PRESIDENT Robert Mugabe has delayed the appointment of a new cabinet and the swearing in of parliament to leave room for power sharing with the opposition MDC if the ongoing talks for a government of national unity (GNU) succeed.
Sources told the Zimbabwe Independent that the inter-party negotiations mediator, South African President Thabo Mbeki, recently advised Mugabe to delay the appointment of a new cabinet because a breakthrough in the talks could require a reconfiguration of posts.

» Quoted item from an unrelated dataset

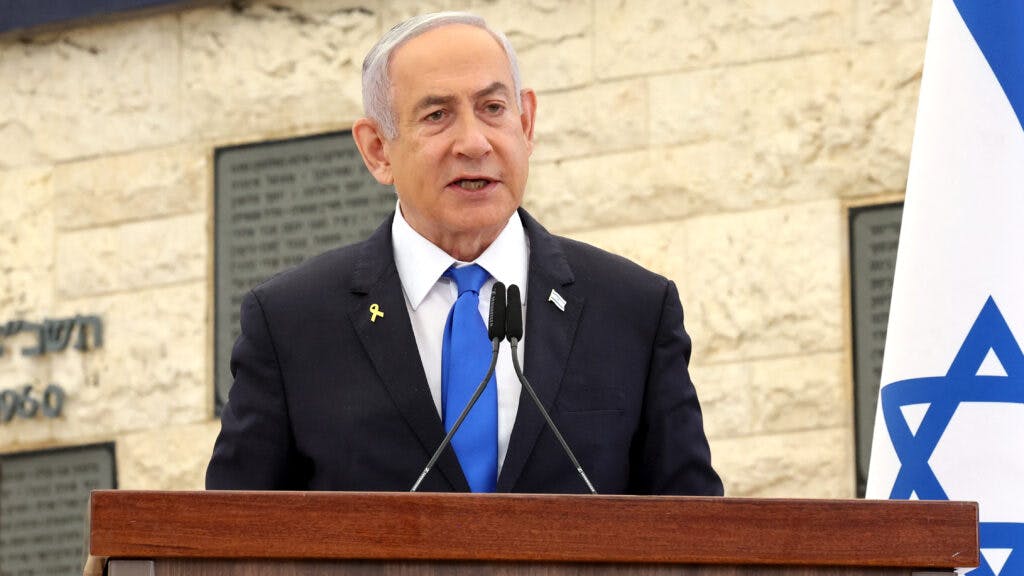 Israeli Prime Minister Benjamin Netanyahu speaks during a memorial ceremony for Israelis killed on the Hebrew calendar anniversary of the Hamas attack on October 7 last year that sparked the ongoing war in Gaza, at the Mount Herzl military cemetery in Jerusalem on October 27, 2024.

“If there is a breakthrough, Mugabe will appoint a cabinet made up of his Zanu PF members and those drawn from both factions of the MDC,” a government source said. “Mugabe will also select 10 provincial governors from Zanu PF and the opposition.”
The sources said leaders of the two MDC factions, Morgan Tsvangirai and Arthur Mutambara, were likely to be appointed as non-constituency senators first and later into cabinet.

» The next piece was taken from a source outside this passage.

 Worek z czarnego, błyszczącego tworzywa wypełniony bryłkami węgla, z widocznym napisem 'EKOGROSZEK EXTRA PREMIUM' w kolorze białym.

Under the Constitution, the president is mandated to appoint five non-constituency senators and the provincial governors to the senate. Only MPs and senators are eligible to take up cabinet positions and this, the sources explained, led to Mugabe delaying the commencement of the life of the seventh parliament of Zimbabwe.

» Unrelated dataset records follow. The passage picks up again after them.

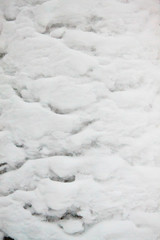 Winter fluted fluffy snow texture 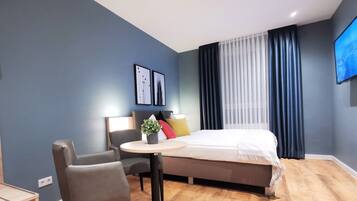 Relax in a stylish room with a comfortable bed, sofa, and potted plant, plus a large window and flat-screen TV.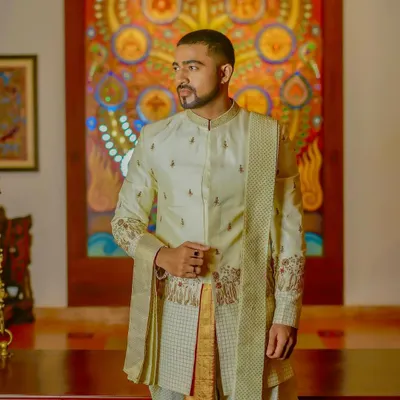 This is a custom-designed Indo-Western sherwani set. The off-white jacket features subtle embroidery on the sleeves and body, paired with a traditional dhoti and sash for a look that is both regal and contemporary.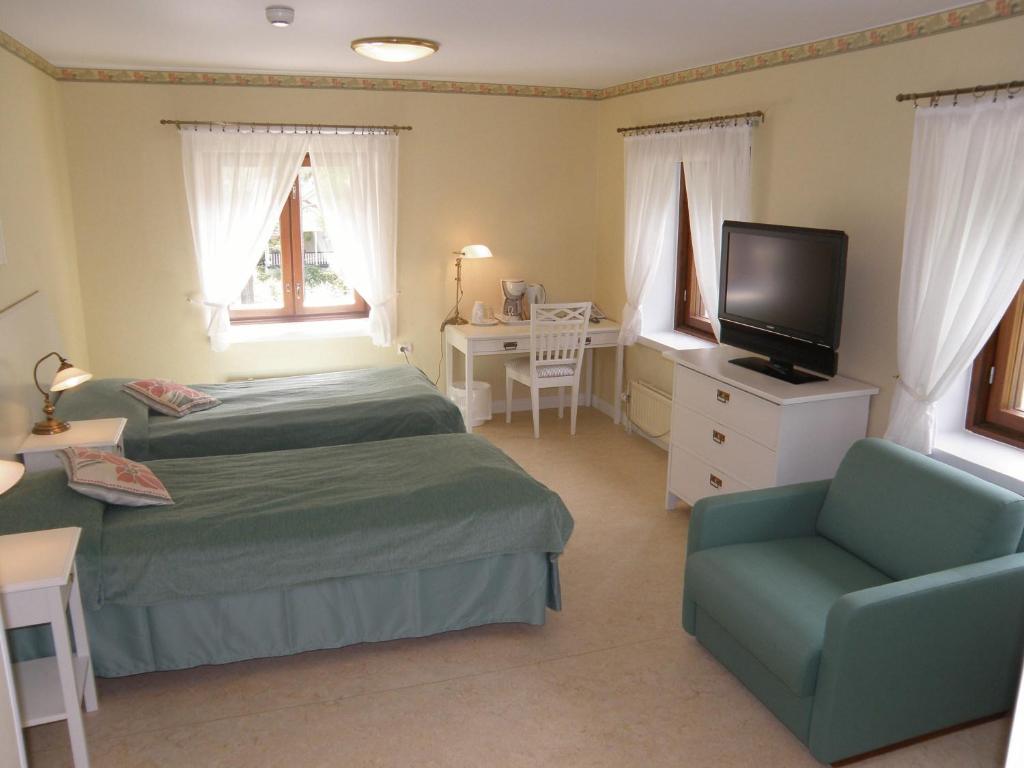 Двухместный (Стандартный двухместный номер с 2 отдельными кроватями) отеля Kyyhkylä Hotel and Manor, Миккели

The sources said Mugabe would also drop ministers who lost in the March 29 parliamentary polls and create more space for MDC officials in the new cabinet.
Among the ministers who fell by the wayside in the polls are Patrick Chinamasa, Samuel Mumbengegwi, Aeneas Chigwedere, Amos Midzi, Mike Nyambuya, Joseph Made, Munacho Mutezo, Chris Mushohwe, Oppah Muchinguri and Rugare Gumbo. Chinamasa is likely to be rescued.
“Apart from power sharing in cabinet, some MDC officials will be appointed permanent secretaries in various ministries and others will be posted abroad as diplomats,” the government source said.
The proposal for a GNU was endorsed by the African Union at its summit at the Red Sea resort of Sharm el-Sheikh, Egypt, a fortnight ago.
Mugabe and Tsvangirai have since endorsed the negotiations, but differences remain on preconditions for the dialogue.
Meanwhile, a senior parliamentary official who asked for anonymity this week dismissed reports that Mugabe had breached the constitution by failing to proclaim the date for the ceremonial opening of the new parliament.
Media reports claimed that the country’s constitution prohibits a gap of more than 180 days between sittings of parliament and should have resumed sitting on Tuesday. The last sitting of the old parliament was on January 17.
“The sittings of parliament are not synonymous with the life of parliament,” the parliamentary official said. “The 180 days in the constitution refers to sittings in a parliament whose life has already commenced. The life of the seventh parliament is yet to begin.”